HIV-1 immunotherapy with a combination of first generation monoclonal antibodies was largely ineffective in pre-clinical and clinical settings and was therefore abandoned. However, recently developed single-cell-based antibody cloning methods have uncovered a new generation of far more potent broadly neutralizing antibodies to HIV-1 (refs 4, 5). These antibodies can prevent infection and suppress viraemia in humanized mice and nonhuman primates, but their potential for human HIV-1 immunotherapy has not been evaluated. Here we report the results of a first-in-man dose escalation phase 1 clinical trial of 3BNC117, a potent human CD4 binding site antibody, in uninfected and HIV-1-infected individuals. 3BNC117 infusion was well tolerated and demonstrated favourable pharmacokinetics.

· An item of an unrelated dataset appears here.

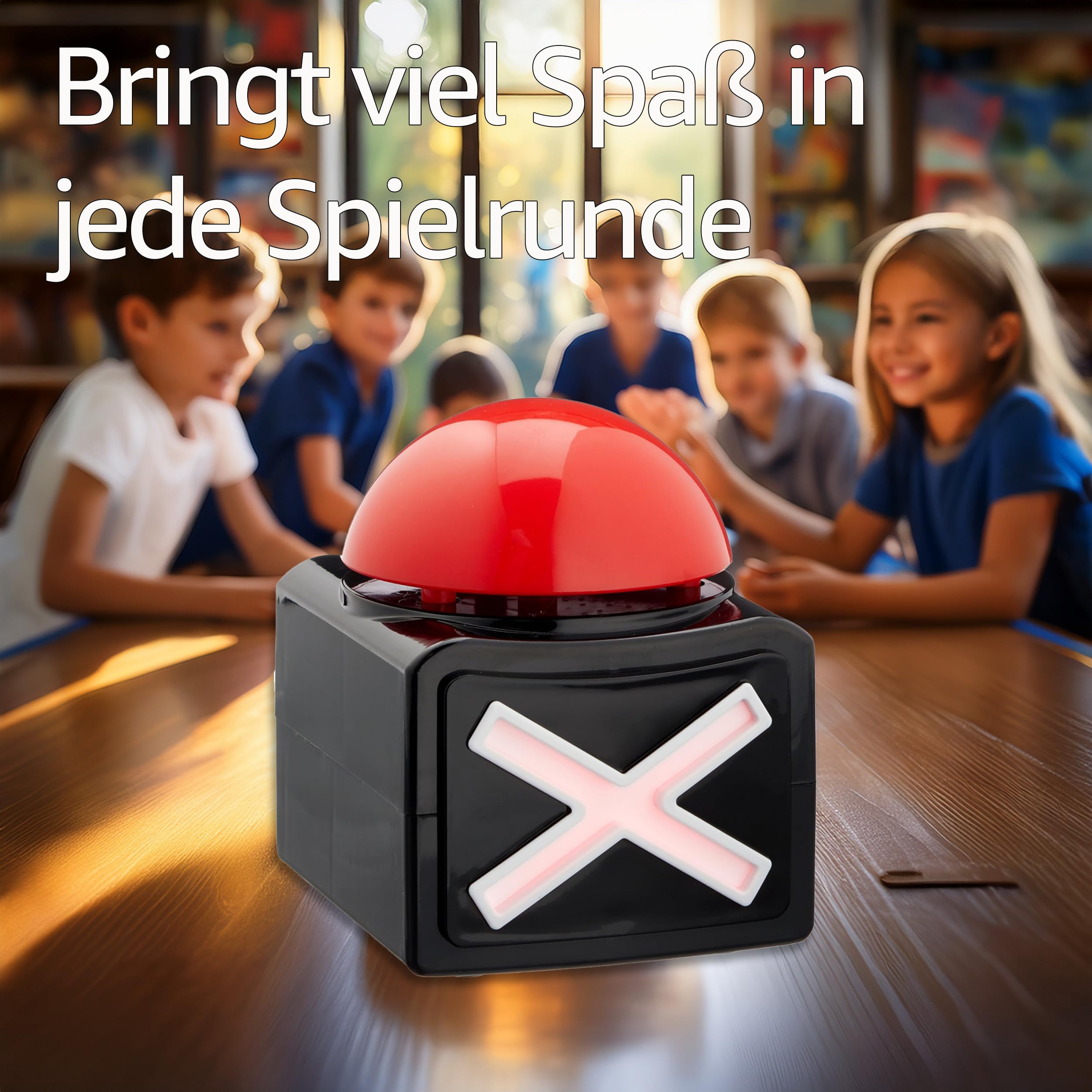 Buzzer z dzwiekiem i oswietleniem LED - zabawa na imprezie dla calej rodziny - idealny na wieczory przy grach, pokazy i swieta.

A single 30 mg kg(-1) infusion of 3BNC117 reduced the viral load in HIV-1-infected individuals by 0.8-2.5 log10 and viraemia remained significantly reduced for 28 days. Emergence of resistant viral strains was variable, with some individuals remaining sensitive to 3BNC117 for a period of 28 days. We conclude that, as a single agent, 3BNC117 is safe and effective in reducing HIV-1 viraemia, and that immunotherapy should be explored as a new modality for HIV-1 prevention, therapy and cure.